Friday, June 19, 2015

My response to Brian R Martin on Amazon UK



Dear Mr Martin,

  you wrote a number of interesting things, for example:

  "The cases discussed are ones where Dr O'Sullivan considered that the evidence was in favour of a psychosomatic origin,"

  Doctors or others who say that a disease is psychosomatic do not have any evidence for that; why not because it does not exist. The mere fact that routine testing is normal is not evidence that something is psychosomatic. But many doctors do not understand or realise this. In Parkinson or ALS for example, routine testing is also normal. 

  You continue by saying: "but nowhere do I find that she dismiss the possibility that in future a physical origin for the symptoms may be found, another false charge made against her."

  A few days ago the Institute of Medicine and the National Institute of Health published the final version of their reports on ME/CFS, analysing more than 9000 research papers, concluding that ME is a devastating multisystem disease, and not a psychiatric or psychological one.

  Or to quote exercise physiologist Professor Keller, who wrote in January 2015: "Given what we have learned in the past eight years about this illness, it is intellectually embarrassing to suggest that ME is a psychological illness." 

  You also write that: "I do know that in SOME cases treatment based on the assumption that the cause is psychosomatic does work. So in the absence of definite treatments based on anything else, why not try it. It does not rule out better treatments in the future."

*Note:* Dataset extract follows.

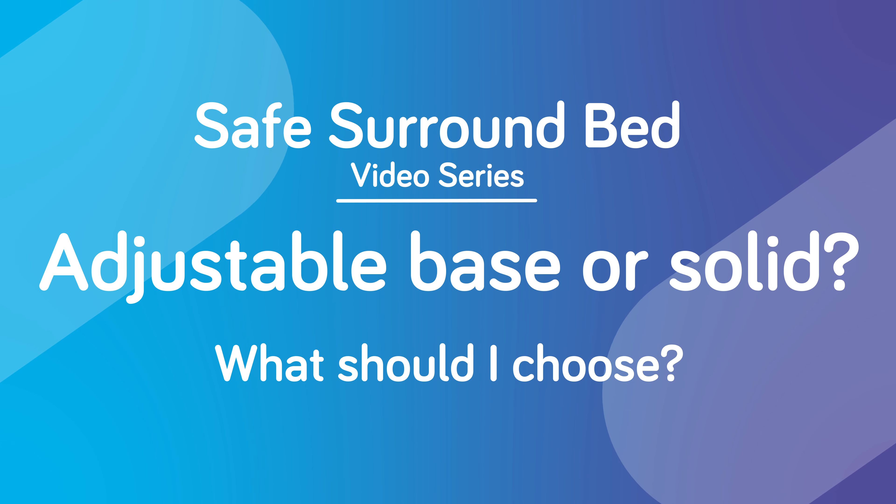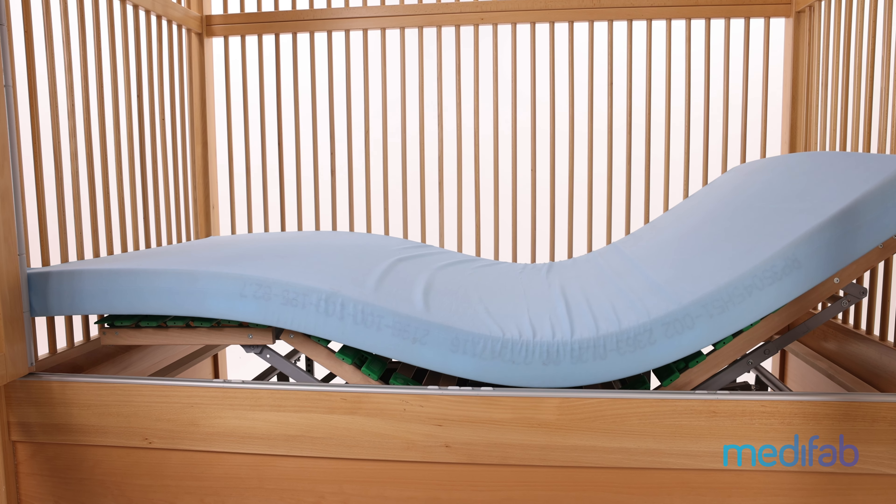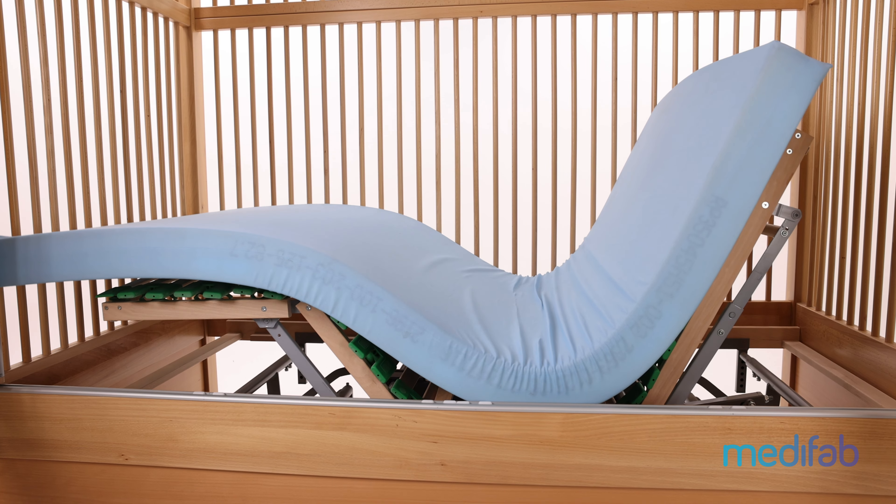The Safe Surround bed has a profiling base as standard. This allows the head and the legs to be elevated, which can be operated either together or independently like so. This is especially helpful for some users who require this elevation for feeds or respiratory requirements.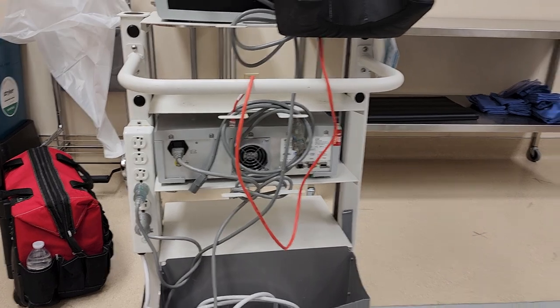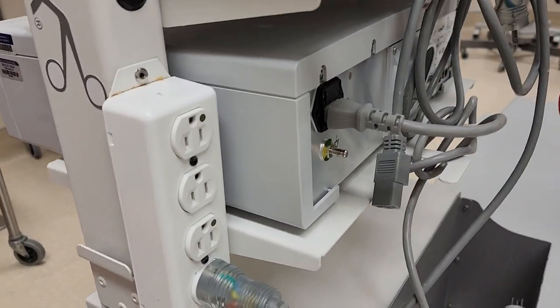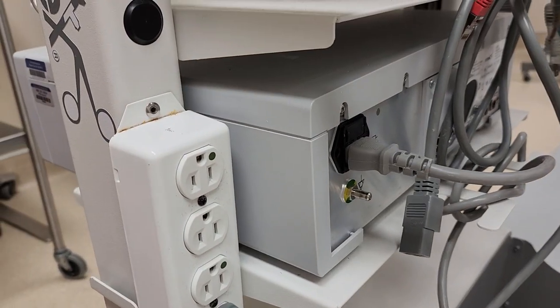So let's go ahead and show you what it's like to permanently mount power strips to equipment carts. Here's an equipment cart — one of the examples I mentioned — and you can see right here I have one of their power strips. They want them permanently mounted.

  As there are no proper treatments at present, most patients with ME have tried CBT, because they are desperate to get better, but CBT for ME at best is totally useless. And graded exercise therapy causes severe relapses if people really have ME and breaches the do No Harm principle of the GMC/Medical Profession.

  You also say: "and referring to the authority of the Countess of Mar, herself a sufferer of chronic fatigue syndrome, who without any apparent scientific/medical training quotes papers she undoubtedly has not read and who would not understand even if she had,"

  That's an interesting observation, so if you don't like the evidence which is quoted, and you don't have any arguments to counter the evidence, you just say someone has no "apparent scientific/medical training", doesn't read articles and wouldn't be able to understand them anyway. So you just become very personal. That's not the right way to have a scientific debate or for science to move forward and you as a scientist should know that.

  For your information, I am a medical doctor, to be more precise a GP. And it's really sad to see that another doctor, ie neurologist Dr O'Sullivan, ignores all the evidence that what she says is wrong, and as you know doctors should not do that, and that she hasn't done her homework. Which is even sadder because in this day in age you can do most of it at home, behind your computer, using PubMed, and many articles are open access these days. Meaning everybody can read them, free of charge.

  So I'm afraid to say that therefore the conclusion is that Dr O'Sullivan's chapter about ME is intellectually embarrassing and should be removed from the book.


  PS Saturday, June 20, 2015: interesting find by Linda.

 Brian R. Martin is emeritus professor of physics at University College London. And where is Dr Suzanne O'Sullivan from ?? Neurology Hospital from the University College London.

 PS 2: Brian Martin has now deleted his book review / thread on Amazon because he as a professor can't handle it when other people know more about something then he does. And he got very annoyed because he didn't have any arguments to counter things.